Ice cream cake in a cup! Brillian, Cheryl. I am so in love with this idea that the ideas in my head are going to explode. Thanks for the inspiration!
You had me at black raspberry…and then got me again with the marshmallow cream frosting. Two of my favs. I grew up always getting black raspberry with chocolate sprinkles at Friendly’s — I didn’t know Edy’s made it now too! (And my parents grow a lot of black raspberries at their house and I have mastered a great black raspberry gelato…) YUM!

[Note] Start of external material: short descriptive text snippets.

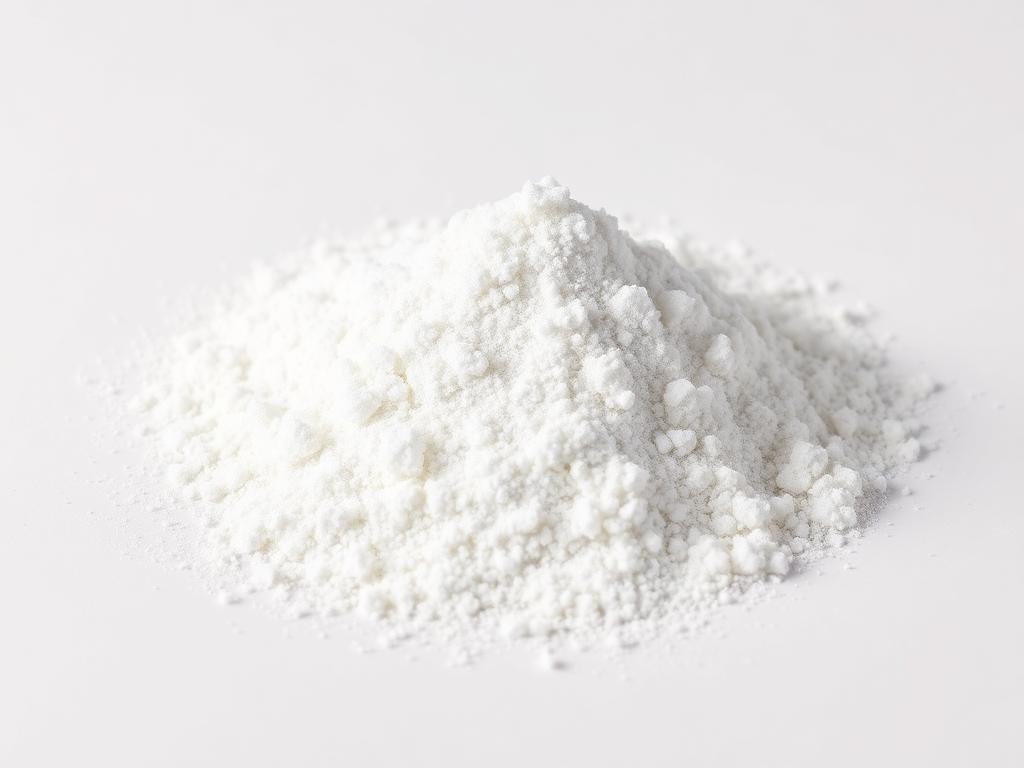 Sodium Saccharin — studio photograph of the white crystalline powder as supplied in bulk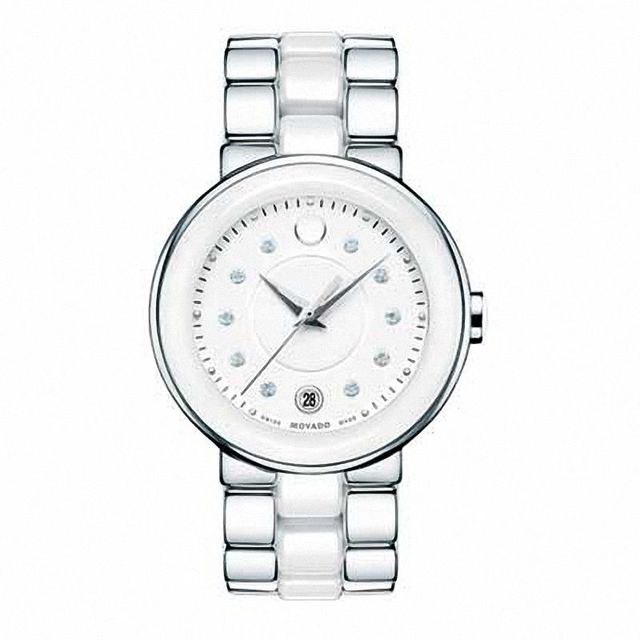 Ladies' Movado Cerena Diamond Accent Stainless Steel and Ceramic Watch with White Dial (Model: 0606540)|Peoples Jewellers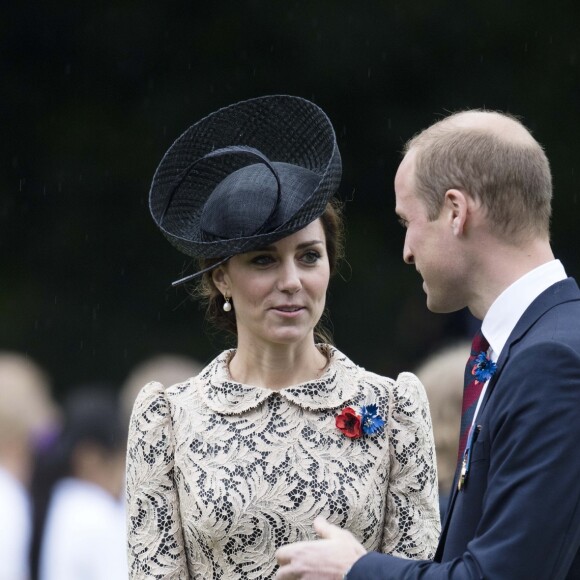 Le prince Harry, Kate Middleton, duchesse de Cambridge, et le prince William - Commémorations du centenaire de la Bataille de la Somme à Thiepval le 1er juillet 2016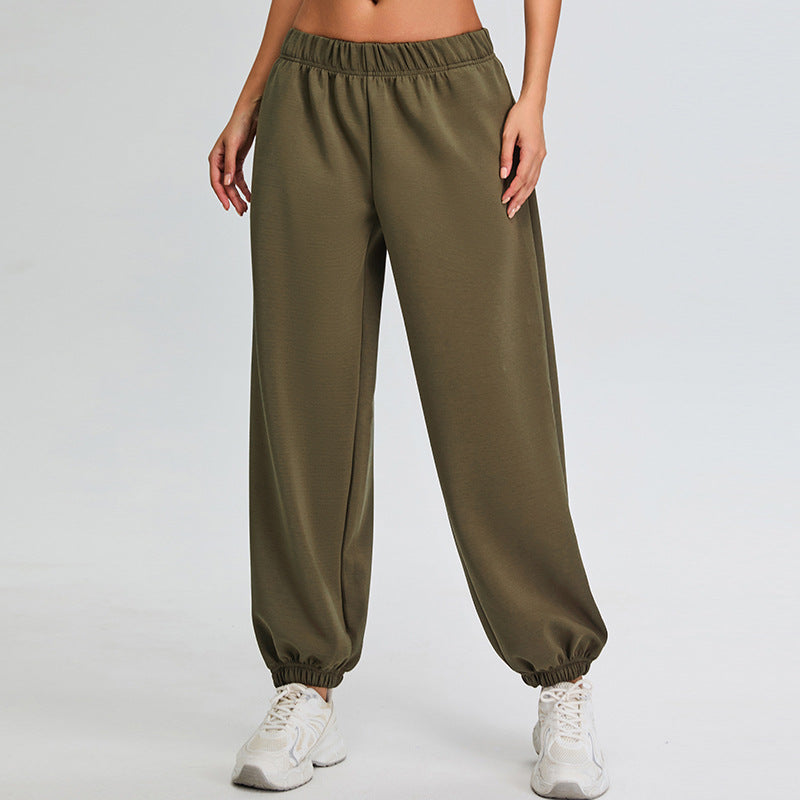 Women's high waist modal cotton cuffed running pants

Thanks for entering and good luck!
Bethany@Scoopalicious
I saw this on a 4th of July roundup and just had to pin it. I hope you’ll share your best post of the week on my Friday Flash Blog Linky Party going on ALL weekend at The Jenny Evolution.
Jennifer
these were great, i used the lemon supreme instead of french vanilla. there was waaaay too much batter though so i had way more than 30 cupcakes.
Hi! These icecream cupcakes look gorgeous! I just have a quick question. Does the cake go really hard in the freezer?
nope, it’s not really hard – it’s not as soft as unfrozen cake, but if you’ve ever had ice cream cake it’s just like that
Hi Cheryl,
I would like to make these Black Raspberry Lemon cupcakes for my granddaughters birthday next month. They sound so good. I do have a question about putting a whole lemon rind in with the other ingredients. Do I cup up the rind, grate it perhaps or just put it in whole. and also how much ice cream do I put on each cupcake.
the lemon rind should be rated, and for the ice cream I just use enough to cover the cupcake, with enough room left in the cup to place the top of the cupcake back on.